(Brief descriptive captions)
────────

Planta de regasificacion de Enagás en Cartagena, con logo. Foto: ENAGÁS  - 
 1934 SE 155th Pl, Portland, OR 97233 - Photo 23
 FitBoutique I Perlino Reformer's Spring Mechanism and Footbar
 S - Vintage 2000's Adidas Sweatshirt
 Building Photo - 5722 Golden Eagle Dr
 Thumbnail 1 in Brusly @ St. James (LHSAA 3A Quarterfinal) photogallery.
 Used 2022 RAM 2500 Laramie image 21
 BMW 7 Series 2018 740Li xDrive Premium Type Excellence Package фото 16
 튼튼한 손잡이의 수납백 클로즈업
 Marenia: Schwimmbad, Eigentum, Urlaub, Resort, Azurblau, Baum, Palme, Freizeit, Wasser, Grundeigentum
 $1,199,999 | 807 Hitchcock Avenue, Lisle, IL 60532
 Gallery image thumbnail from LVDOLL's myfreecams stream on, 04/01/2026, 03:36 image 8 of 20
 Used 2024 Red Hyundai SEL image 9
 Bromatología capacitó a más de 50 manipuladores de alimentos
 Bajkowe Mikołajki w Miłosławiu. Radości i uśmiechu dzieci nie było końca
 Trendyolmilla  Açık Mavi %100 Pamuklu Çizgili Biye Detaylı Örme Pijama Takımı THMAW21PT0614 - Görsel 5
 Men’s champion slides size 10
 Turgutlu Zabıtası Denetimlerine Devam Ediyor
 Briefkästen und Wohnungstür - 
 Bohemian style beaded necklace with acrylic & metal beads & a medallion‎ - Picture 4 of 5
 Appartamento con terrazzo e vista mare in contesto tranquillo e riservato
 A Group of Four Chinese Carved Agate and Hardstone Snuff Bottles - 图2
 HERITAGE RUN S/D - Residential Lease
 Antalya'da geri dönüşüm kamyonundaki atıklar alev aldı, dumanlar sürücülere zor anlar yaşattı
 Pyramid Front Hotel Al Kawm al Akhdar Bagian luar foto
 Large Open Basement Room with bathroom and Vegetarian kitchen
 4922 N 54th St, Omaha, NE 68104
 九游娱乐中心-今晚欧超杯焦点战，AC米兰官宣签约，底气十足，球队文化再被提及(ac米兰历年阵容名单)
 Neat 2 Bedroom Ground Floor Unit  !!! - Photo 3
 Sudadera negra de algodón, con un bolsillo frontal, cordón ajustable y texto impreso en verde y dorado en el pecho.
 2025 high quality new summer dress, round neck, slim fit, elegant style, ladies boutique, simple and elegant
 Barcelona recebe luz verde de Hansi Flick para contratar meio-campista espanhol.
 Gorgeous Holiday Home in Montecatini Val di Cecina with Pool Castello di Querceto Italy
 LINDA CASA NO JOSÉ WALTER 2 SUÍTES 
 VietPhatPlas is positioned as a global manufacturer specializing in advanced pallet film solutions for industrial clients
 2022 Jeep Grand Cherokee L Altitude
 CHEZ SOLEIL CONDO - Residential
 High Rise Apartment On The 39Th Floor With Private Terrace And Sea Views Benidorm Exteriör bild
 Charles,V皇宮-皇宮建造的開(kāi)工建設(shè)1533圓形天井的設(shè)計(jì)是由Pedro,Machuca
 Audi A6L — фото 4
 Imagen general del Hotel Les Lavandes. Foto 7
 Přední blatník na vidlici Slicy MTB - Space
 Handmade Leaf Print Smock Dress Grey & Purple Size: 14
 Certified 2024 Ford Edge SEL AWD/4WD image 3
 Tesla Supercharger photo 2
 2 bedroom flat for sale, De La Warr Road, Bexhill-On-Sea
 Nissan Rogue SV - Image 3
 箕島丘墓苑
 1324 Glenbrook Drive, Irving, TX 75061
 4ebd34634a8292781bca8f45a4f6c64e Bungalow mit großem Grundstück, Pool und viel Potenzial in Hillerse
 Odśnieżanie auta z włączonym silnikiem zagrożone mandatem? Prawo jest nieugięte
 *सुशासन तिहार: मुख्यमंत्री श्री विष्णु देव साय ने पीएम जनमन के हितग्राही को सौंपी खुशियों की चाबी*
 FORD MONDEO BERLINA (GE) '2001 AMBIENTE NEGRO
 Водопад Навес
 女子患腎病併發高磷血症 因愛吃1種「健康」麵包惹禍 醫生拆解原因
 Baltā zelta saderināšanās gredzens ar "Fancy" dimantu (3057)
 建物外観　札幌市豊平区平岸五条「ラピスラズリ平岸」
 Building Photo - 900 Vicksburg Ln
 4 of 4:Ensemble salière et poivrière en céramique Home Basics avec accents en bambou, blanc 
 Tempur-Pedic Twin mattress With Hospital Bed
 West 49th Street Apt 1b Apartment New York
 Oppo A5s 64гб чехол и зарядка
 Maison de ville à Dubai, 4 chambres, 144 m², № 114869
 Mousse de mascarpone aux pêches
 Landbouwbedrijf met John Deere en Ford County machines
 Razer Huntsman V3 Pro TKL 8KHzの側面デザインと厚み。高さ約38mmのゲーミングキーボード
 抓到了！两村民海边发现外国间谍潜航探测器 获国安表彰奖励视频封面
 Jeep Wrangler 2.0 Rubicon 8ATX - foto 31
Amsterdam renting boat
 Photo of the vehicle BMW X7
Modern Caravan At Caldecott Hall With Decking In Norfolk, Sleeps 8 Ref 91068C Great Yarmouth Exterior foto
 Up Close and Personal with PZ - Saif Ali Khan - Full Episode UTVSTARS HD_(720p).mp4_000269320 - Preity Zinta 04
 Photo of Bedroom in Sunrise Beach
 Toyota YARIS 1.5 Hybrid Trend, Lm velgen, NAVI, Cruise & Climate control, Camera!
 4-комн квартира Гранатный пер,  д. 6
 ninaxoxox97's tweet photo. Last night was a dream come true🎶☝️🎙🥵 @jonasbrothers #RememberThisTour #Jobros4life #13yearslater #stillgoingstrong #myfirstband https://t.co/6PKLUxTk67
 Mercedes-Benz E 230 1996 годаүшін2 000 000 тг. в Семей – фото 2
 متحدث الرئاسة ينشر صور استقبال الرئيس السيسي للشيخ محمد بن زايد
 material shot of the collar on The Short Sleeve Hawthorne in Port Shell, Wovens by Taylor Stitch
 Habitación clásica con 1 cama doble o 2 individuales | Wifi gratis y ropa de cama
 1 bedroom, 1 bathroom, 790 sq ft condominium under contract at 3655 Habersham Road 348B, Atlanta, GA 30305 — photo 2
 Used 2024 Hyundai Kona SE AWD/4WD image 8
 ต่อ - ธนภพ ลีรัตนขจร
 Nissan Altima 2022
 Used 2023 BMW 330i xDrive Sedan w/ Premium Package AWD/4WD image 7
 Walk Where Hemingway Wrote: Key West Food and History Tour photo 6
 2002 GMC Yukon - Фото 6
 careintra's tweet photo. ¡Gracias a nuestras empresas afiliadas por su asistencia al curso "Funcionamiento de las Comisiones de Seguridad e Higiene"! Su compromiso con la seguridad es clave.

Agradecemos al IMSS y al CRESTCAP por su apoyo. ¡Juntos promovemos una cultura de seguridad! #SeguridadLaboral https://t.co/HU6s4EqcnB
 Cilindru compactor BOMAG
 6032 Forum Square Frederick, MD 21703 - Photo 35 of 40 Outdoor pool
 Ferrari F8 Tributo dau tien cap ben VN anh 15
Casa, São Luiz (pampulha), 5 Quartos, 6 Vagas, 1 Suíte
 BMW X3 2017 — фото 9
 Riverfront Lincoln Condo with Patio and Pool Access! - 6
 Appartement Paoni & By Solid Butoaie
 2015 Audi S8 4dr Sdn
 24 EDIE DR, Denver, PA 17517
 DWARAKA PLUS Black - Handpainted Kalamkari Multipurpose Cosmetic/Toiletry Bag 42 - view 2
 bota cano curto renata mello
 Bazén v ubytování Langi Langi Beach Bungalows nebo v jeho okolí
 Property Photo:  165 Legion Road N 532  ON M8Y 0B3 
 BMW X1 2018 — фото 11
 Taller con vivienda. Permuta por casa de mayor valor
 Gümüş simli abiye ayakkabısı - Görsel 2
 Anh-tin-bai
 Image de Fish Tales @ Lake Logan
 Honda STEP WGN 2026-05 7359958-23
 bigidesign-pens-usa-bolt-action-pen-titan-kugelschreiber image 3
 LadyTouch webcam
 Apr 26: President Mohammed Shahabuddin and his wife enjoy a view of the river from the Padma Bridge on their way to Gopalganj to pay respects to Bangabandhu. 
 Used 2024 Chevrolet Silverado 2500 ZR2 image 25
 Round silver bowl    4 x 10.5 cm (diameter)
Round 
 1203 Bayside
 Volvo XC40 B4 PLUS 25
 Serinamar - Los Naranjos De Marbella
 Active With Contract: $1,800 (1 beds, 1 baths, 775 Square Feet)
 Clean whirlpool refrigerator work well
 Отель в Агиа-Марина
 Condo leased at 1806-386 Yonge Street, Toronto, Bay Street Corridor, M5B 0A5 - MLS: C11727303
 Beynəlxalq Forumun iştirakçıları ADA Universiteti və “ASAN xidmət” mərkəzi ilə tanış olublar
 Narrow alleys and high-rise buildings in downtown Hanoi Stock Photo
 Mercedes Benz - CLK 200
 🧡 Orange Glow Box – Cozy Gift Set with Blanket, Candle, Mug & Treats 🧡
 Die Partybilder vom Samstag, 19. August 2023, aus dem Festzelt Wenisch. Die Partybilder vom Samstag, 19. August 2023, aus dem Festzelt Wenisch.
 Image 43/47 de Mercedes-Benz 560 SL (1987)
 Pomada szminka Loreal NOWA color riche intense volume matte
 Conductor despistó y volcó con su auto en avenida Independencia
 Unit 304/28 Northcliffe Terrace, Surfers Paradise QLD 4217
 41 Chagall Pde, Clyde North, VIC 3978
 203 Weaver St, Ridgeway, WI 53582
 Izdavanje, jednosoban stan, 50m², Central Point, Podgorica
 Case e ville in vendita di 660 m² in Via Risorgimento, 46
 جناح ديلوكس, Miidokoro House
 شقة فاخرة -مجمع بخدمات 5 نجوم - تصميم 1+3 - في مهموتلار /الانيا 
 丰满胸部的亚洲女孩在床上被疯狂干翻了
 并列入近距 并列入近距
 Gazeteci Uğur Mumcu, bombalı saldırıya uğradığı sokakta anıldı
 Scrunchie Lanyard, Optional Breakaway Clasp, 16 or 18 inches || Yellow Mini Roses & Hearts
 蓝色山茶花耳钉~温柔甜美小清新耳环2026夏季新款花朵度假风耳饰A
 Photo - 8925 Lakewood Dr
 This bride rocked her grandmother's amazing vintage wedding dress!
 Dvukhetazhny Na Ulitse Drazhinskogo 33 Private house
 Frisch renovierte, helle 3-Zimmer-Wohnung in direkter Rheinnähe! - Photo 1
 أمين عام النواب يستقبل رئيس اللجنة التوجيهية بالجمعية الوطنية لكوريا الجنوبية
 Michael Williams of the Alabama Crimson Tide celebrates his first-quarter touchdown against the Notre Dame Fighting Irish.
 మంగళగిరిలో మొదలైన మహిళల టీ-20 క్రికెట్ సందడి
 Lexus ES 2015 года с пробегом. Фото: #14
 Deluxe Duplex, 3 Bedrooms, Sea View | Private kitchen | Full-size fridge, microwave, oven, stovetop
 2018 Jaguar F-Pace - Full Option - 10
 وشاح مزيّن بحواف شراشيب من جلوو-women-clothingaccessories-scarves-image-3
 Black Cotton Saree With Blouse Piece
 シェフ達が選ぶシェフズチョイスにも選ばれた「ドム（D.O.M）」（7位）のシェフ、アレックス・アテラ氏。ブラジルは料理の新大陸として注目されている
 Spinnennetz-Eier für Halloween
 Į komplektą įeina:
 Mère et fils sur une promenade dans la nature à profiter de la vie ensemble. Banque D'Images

────────

INSTRUCTIONS TO FOLLOW: Only the lines above from the line with "Sudadera negra de" to the line with "High Rise Apartment", those two lines included, should be reproduced exactly.

WORKED SOLUTION:
 Sudadera negra de algodón, con un bolsillo frontal, cordón ajustable y texto impreso en verde y dorado en el pecho.
 2025 high quality new summer dress, round neck, slim fit, elegant style, ladies boutique, simple and elegant
 Barcelona recebe luz verde de Hansi Flick para contratar meio-campista espanhol.
 Gorgeous Holiday Home in Montecatini Val di Cecina with Pool Castello di Querceto Italy
 LINDA CASA NO JOSÉ WALTER 2 SUÍTES 
 VietPhatPlas is positioned as a global manufacturer specializing in advanced pallet film solutions for industrial clients
 2022 Jeep Grand Cherokee L Altitude
 CHEZ SOLEIL CONDO - Residential
 High Rise Apartment On The 39Th Floor With Private Terrace And Sea Views Benidorm Exteriör bild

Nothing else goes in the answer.